Iran nuclear agreement: Is a 'better deal' possible – and at what cost?
Critics say the shock of congressional rejection of the nuclear deal is a path to bring Iran back to the negotiating table. Secretary of State John Kerry calls that view 'a fantasy.'
Looming large over the calls for a return to negotiations are strong suspicions on the part of deal supporters that the “better deal” advocates really have no interest in a stronger deal at all, but instead want to thwart any US agreement with the Iranian government.
“We had a ‘better deal’ in Iraq after 1991 [following the Gulf War], there were no restrictions, inspectors could go where they wanted when they wanted, and that deal wasn’t good enough,” says Dr. Lewis, adding that “we still went to war. So really I don’t believe them when they say they just want a ‘better deal’ this time.”

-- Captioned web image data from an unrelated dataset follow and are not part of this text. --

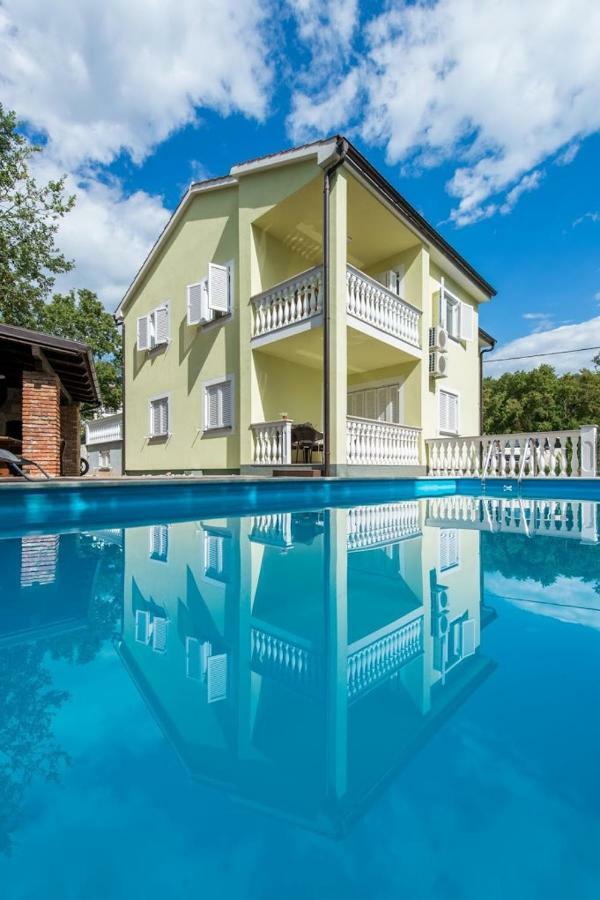 Fewo Villa Adria Barusic Exteriér fotografie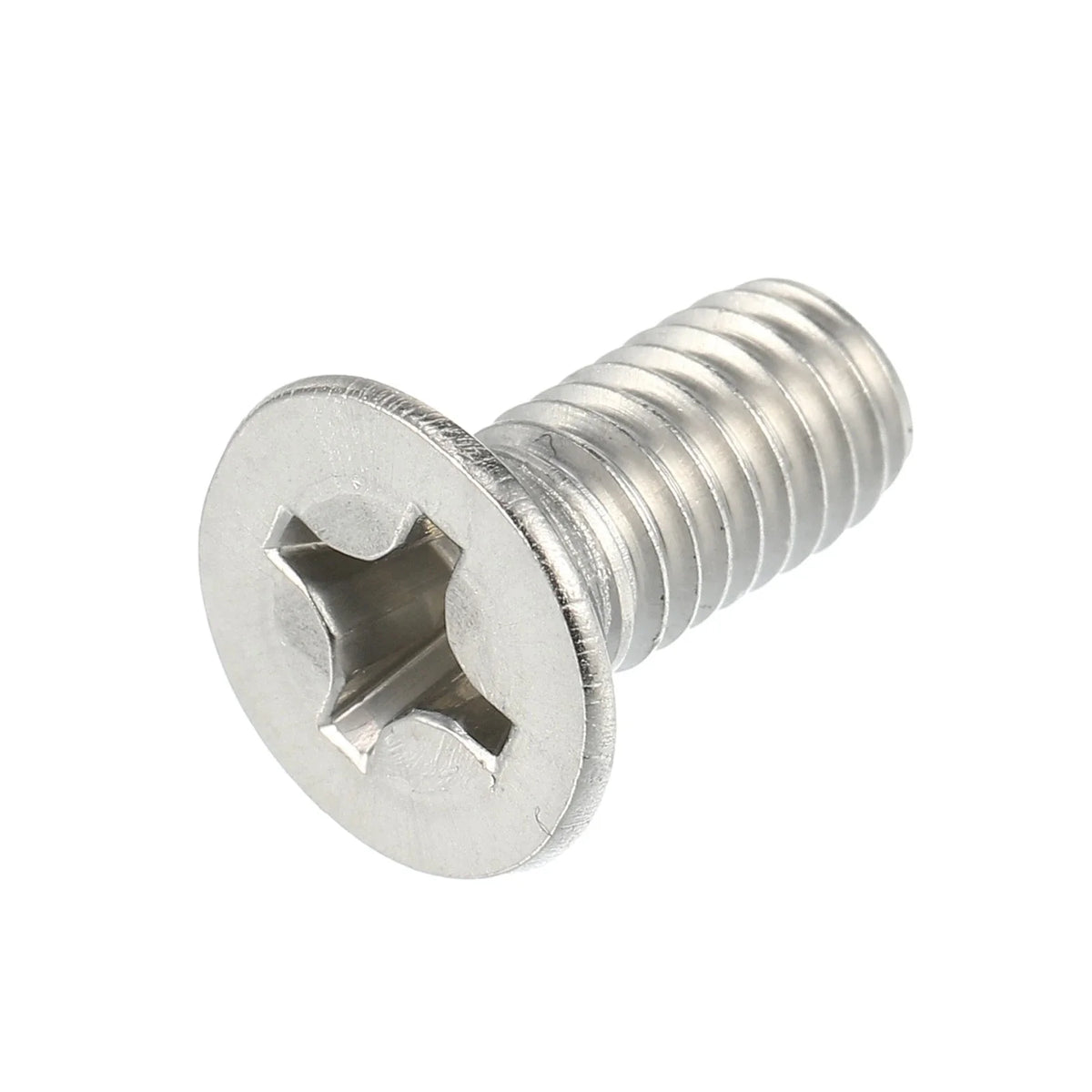 10pcs Brake Disc Rotor Screws Bolts Kit 93600-06014-0H for Honda Accord Civic (2003–2021)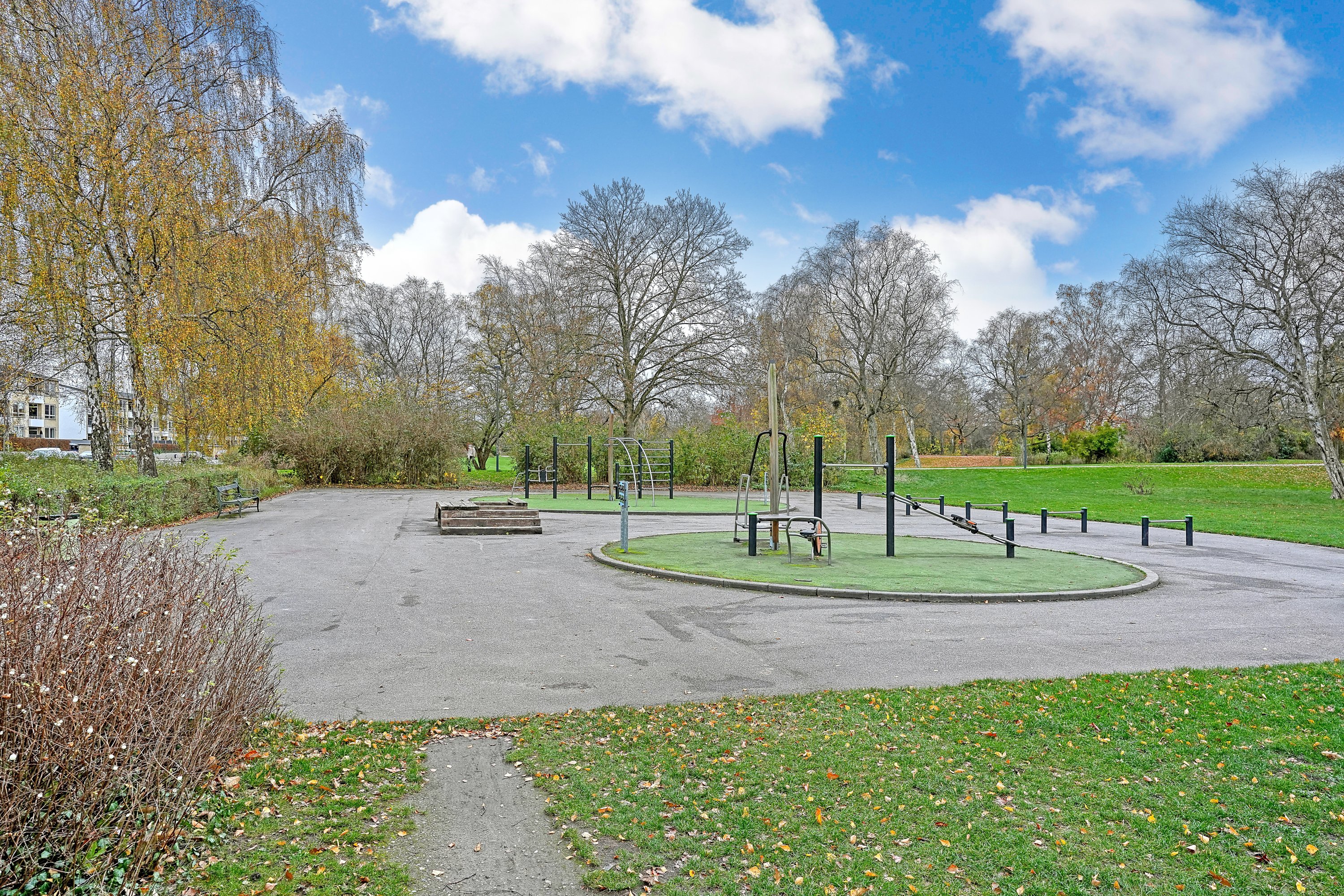 Fremhævet område billede i fuldskærmstilstand. Billede af Vigerslevvej 315, st.. tv., 2500 Valby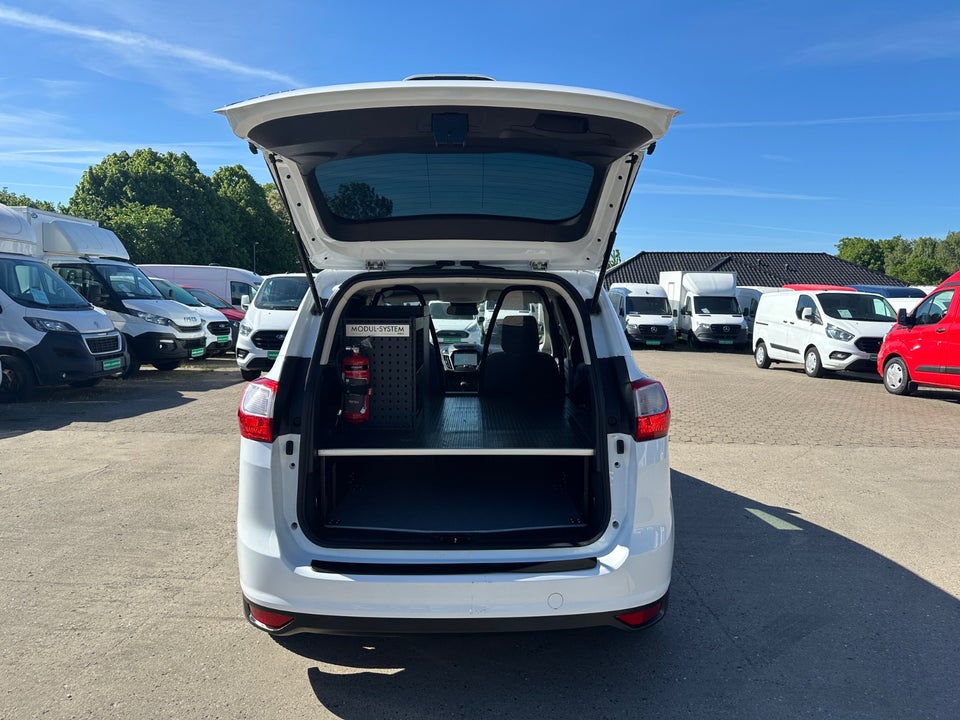 Ford Grand C-MAX 1,5 TDCi 120 Business Van 5d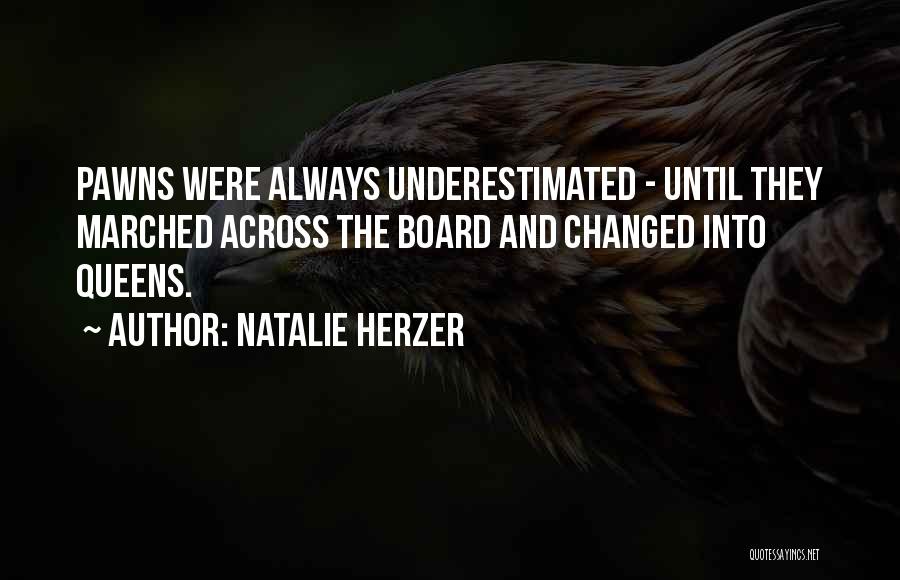 Natalie Herzer Quotes 1795169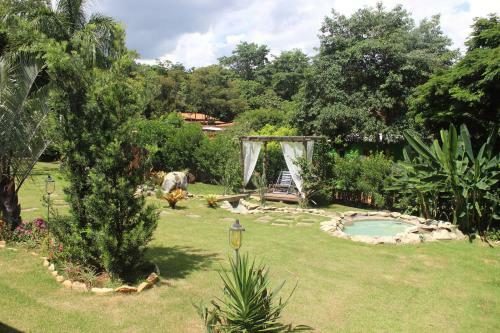 Hostal Pousada Luar Do Cip�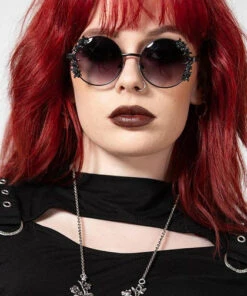 Flash Sale ⌛ KILLSTAR The Moon Mystic Sight | 🧨 SUNGLASSES 😀 -Halloween Item Store killstar mystic sight sunglasses 3 608c693e 5bdc 4912 b5b8 eafaad278d37 700x700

Other doubters of the sincerity of the seekers of a “better deal” say it’s telling to note that the sponsor of the TV ad campaign demanding a better deal is a group called Citizens for a Nuclear Free Iran, which is backed by the American Israel Public Affairs Committee, a pro-Israel organization lobbying Congress hard for the deal’s defeat.
“There really is no ‘better deal’ for [such critics] in the sense of an agreement that leaves any nuclear program in the hands of the current Iranian government,” Lewis says. “Any deal is bad because it means living with the Islamic Republic.”
Yet many regional experts say that prospects for wooing the Europeans to join the US in pressing for a tougher deal, if Congress rejects the one now before it, are dim.
“European and Asian partners would feel frustrated and misled” in the wake of a US rejection of the deal, Jon Alterman, a Middle East expert at Washington’s Center for Strategic and International Studies, told the House Armed Services Committee this week. European allies would likely join countries like China and India in investing in Iran’s energy sector, he added.
“Broadly, the action would create distance between the US and the world and diminish distance between Iran and the world,” Dr. Alterman added, “after more than a decade when the reverse was the case.”